Aim of the task
With pictures omitted, copy exactly the lines from the one containing "Adn Vecteurs libres" through the end of the records below.

•••

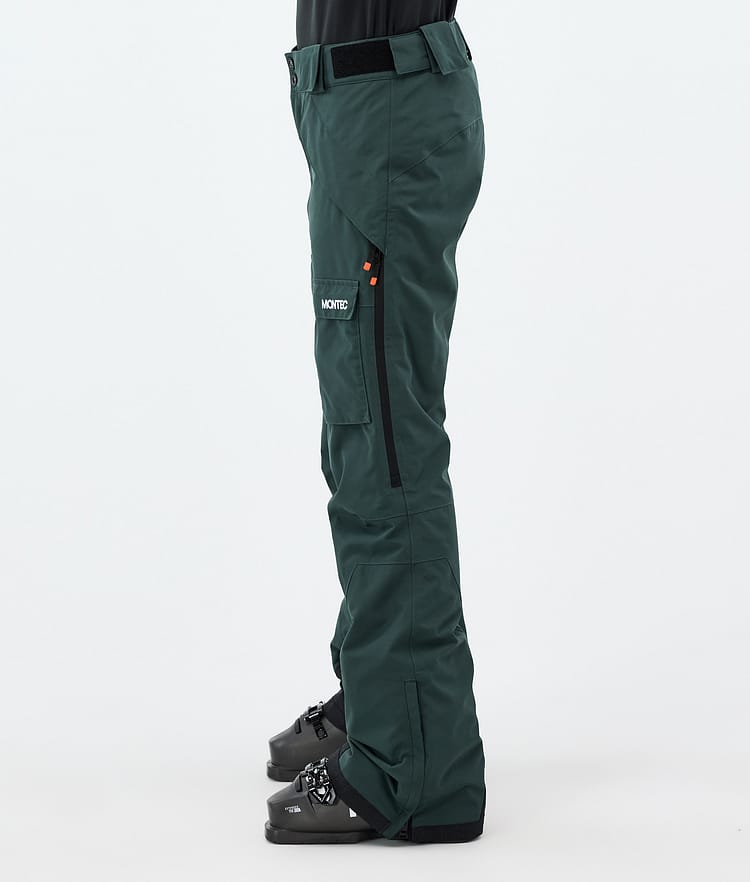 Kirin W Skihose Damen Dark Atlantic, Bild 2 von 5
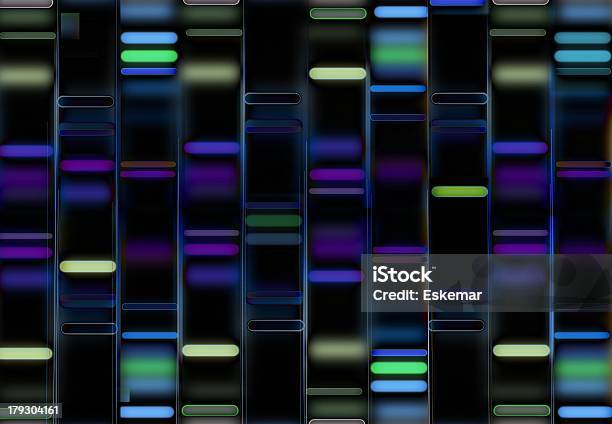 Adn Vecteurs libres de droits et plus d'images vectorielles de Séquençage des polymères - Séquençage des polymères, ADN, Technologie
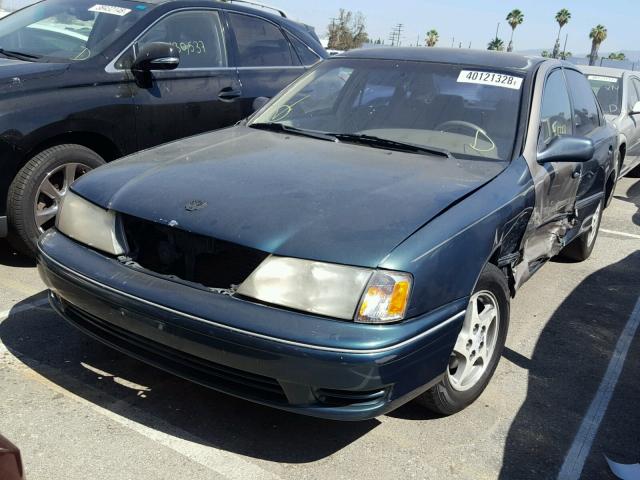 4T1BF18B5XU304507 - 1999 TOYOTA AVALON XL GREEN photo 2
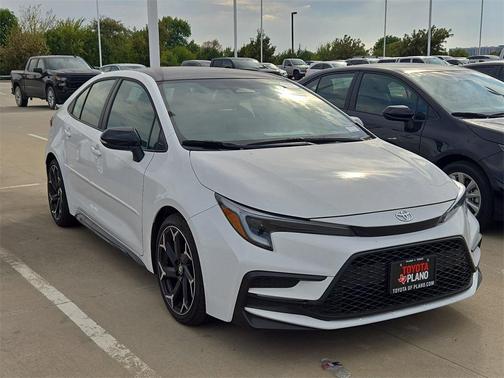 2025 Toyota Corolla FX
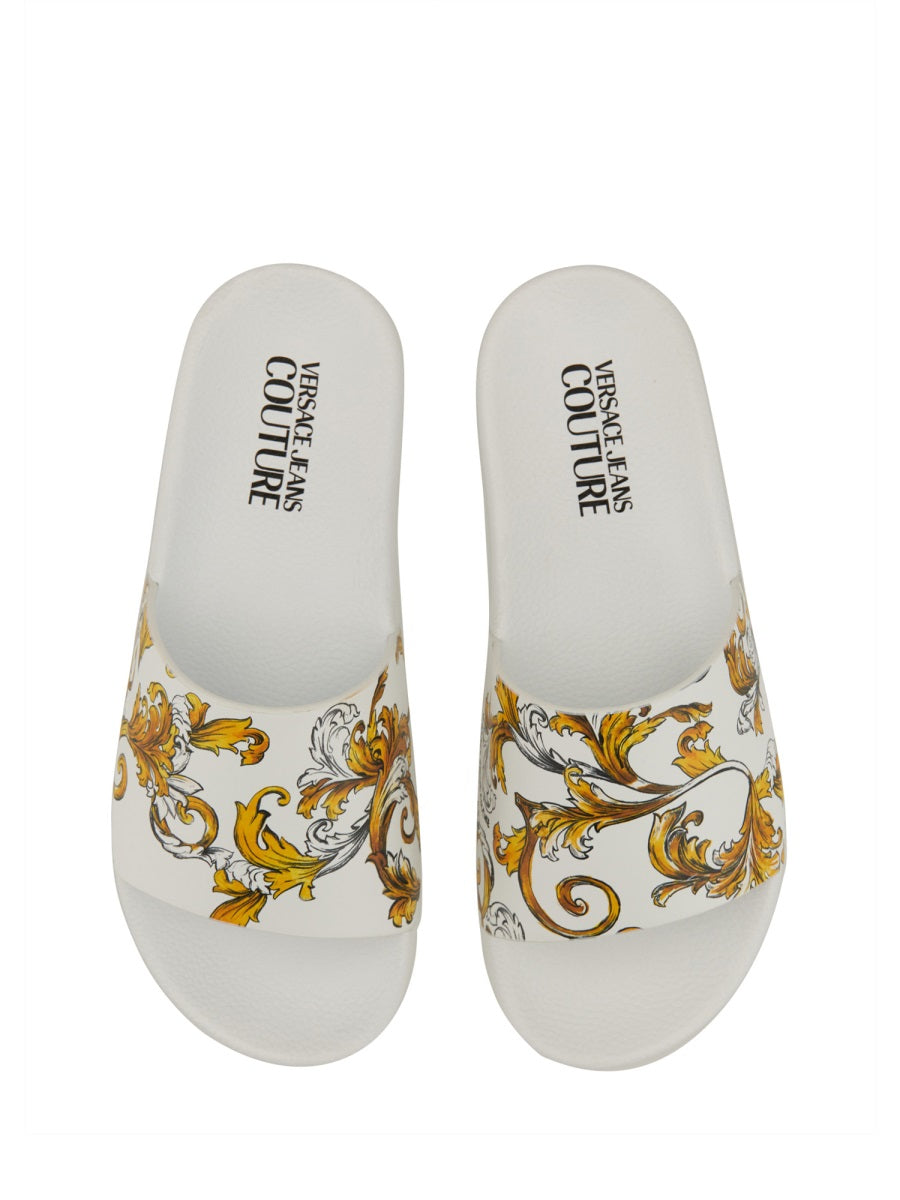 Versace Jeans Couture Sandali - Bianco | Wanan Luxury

•••

Your response
 Adn Vecteurs libres de droits et plus d'images vectorielles de Séquençage des polymères - Séquençage des polymères, ADN, Technologie
 4T1BF18B5XU304507 - 1999 TOYOTA AVALON XL GREEN photo 2
 2025 Toyota Corolla FX
 Versace Jeans Couture Sandali - Bianco | Wanan Luxury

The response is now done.